BEGIN

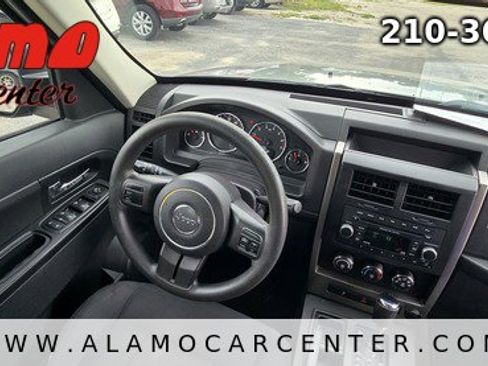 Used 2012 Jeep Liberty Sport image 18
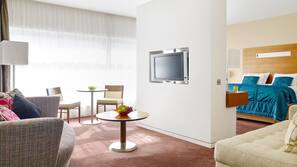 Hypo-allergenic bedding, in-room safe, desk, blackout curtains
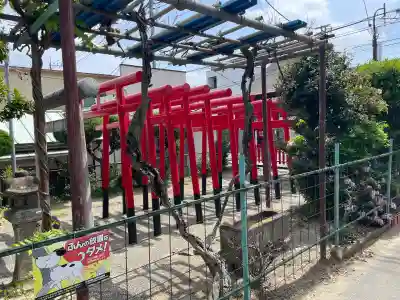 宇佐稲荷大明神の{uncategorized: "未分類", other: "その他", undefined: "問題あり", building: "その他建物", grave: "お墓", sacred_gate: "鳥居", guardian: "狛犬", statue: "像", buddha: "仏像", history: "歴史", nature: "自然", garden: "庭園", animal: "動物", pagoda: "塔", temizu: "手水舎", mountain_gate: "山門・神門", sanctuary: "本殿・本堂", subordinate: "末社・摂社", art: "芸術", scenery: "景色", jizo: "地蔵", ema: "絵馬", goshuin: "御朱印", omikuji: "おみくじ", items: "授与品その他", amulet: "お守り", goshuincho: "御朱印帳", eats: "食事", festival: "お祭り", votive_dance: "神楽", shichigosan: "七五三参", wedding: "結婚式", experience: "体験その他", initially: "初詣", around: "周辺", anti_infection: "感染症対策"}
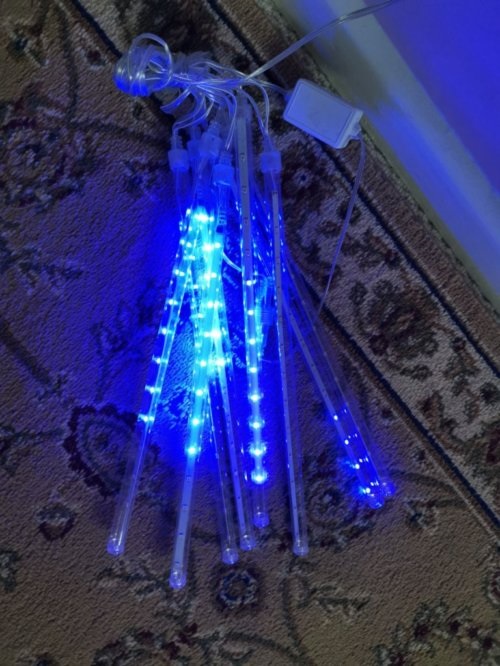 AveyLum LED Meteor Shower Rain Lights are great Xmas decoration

END
BEGIN

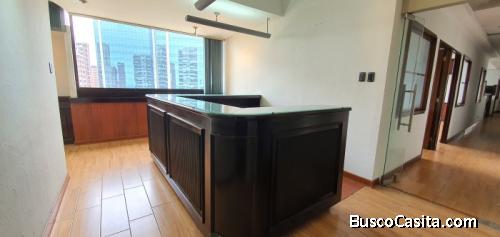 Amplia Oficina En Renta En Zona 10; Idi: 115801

END

> [Your objective]
An exact transcription is needed of the lines from the one with "Used 2012 Jeep Liberty Sport image 18" to the one with "AveyLum LED Meteor" above, both ends included, with pictures left out.

> [Answer for this exercise]
 Used 2012 Jeep Liberty Sport image 18
 Hypo-allergenic bedding, in-room safe, desk, blackout curtains
 宇佐稲荷大明神の{uncategorized: "未分類", other: "その他", undefined: "問題あり", building: "その他建物", grave: "お墓", sacred_gate: "鳥居", guardian: "狛犬", statue: "像", buddha: "仏像", history: "歴史", nature: "自然", garden: "庭園", animal: "動物", pagoda: "塔", temizu: "手水舎", mountain_gate: "山門・神門", sanctuary: "本殿・本堂", subordinate: "末社・摂社", art: "芸術", scenery: "景色", jizo: "地蔵", ema: "絵馬", goshuin: "御朱印", omikuji: "おみくじ", items: "授与品その他", amulet: "お守り", goshuincho: "御朱印帳", eats: "食事", festival: "お祭り", votive_dance: "神楽", shichigosan: "七五三参", wedding: "結婚式", experience: "体験その他", initially: "初詣", around: "周辺", anti_infection: "感染症対策"}
 AveyLum LED Meteor Shower Rain Lights are great Xmas decoration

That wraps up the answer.